Sehr bedeutend war auch die Übernahme der chinesischen Schriftzeichen, die in abgewandelter Form (genannt "Kanji") noch heute in der japanischen Schrift verwendet werden. Der chinesische Konfuzianismus beeinflusste japanische Gesetzestexte, welche entsprechend angepasst wurden. Auch in der Kunst und im Handwerk schauten sich die Japaner vieles von den Chinesen ab.
Ab dem 10. Jahrhundert musste der Kaiser beziehungsweise die Kaiserin die Macht mit den "Shogunen" (in der Einzahl "Shogun") teilen. Die Shogune waren dem Adel angehörende militärische Führer. Außerdem ereignete sich in dieser Zeit der Aufstieg der Kriegerklasse der "Samurai" - die Samurai waren ursprünglich nicht dem Adel zugehörig, aber dienten diesem als Kämpfer.
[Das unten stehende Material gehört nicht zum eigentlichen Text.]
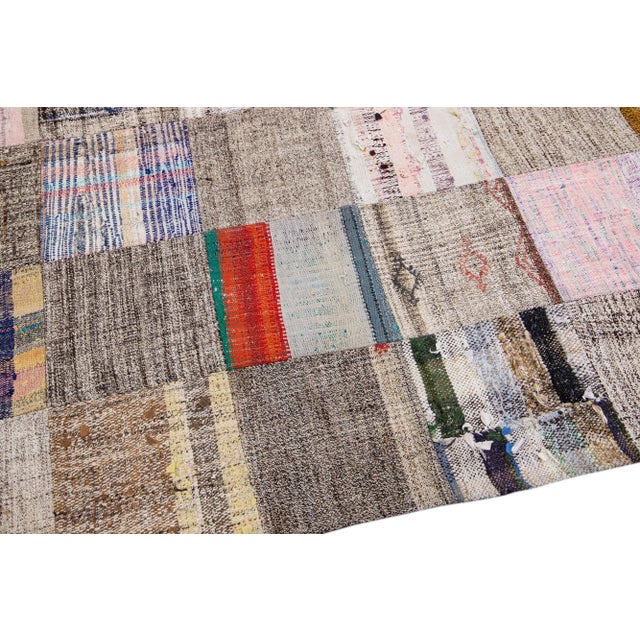 Vintage Multicolor Handmade Patchwork Turkish Wool Rug For Sale In New York - Image 6 of 12
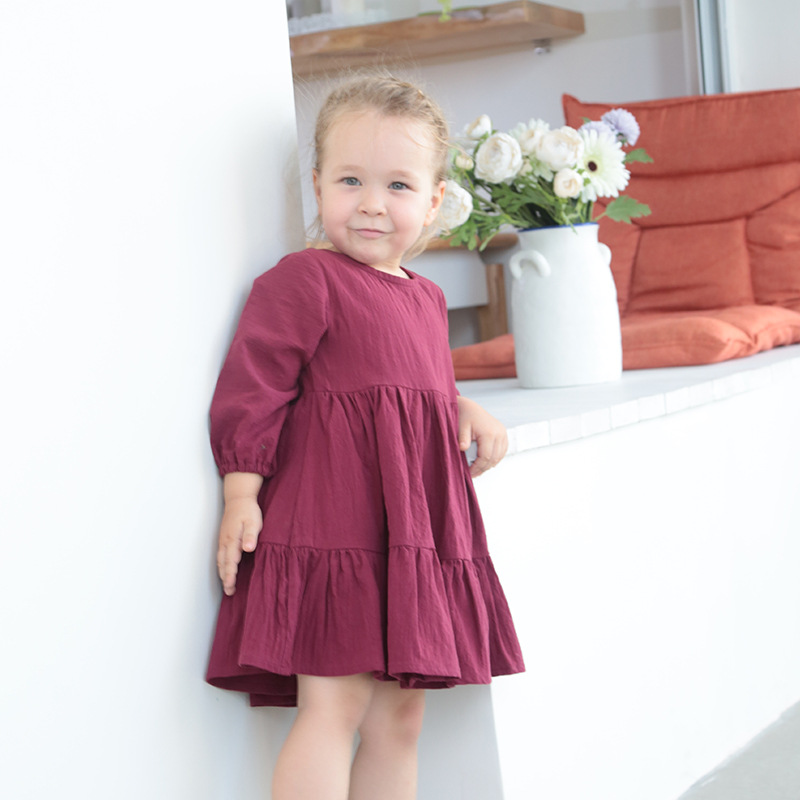 Amazon nuevo vestido de los niños transfronterizos de manga larga de algodón y lino vestido de los niños de Europa y América Comercio exterior de color sólido vestido de una sola pieza de las niñas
Im 13. Jahrhundert hatten die Mongolen das gesamte asiatische Festland erobert, nur Japan fehlte noch. Durch die besondere Insellage Japans schlug die mongolische Invasion jedoch fehl. In Japan dankte man den Göttern dafür, welche die mongolischen Schiffe demnach mehrere Male mit den für die Region typischen Wirbelstürmen ("Taifune") überraschten und dadurch in die Flucht schlugen. Die ersten Europäer waren im 16. Jahrhundert die Portugiesen, welche auch das Christentum nach Japan brachten.
Ankunft der Europäer in Asien
Zu dieser Zeit war Japan ein in ständigem Bürgerkrieg befindliches Land. Die Konflikte ereigneten sich einerseits zwischen Kaisertum und Shogunat, andererseits zwischen den ländlichen Provinzen und der Hauptstadt. Der Feldherr und Politiker Toyotomi Hideyoshi (1537 bis 1598) konnte das Land schließlich wieder einigen und befrieden. Der von ihm unternommene Versuch Korea zu erobern schlug allerdings fehl.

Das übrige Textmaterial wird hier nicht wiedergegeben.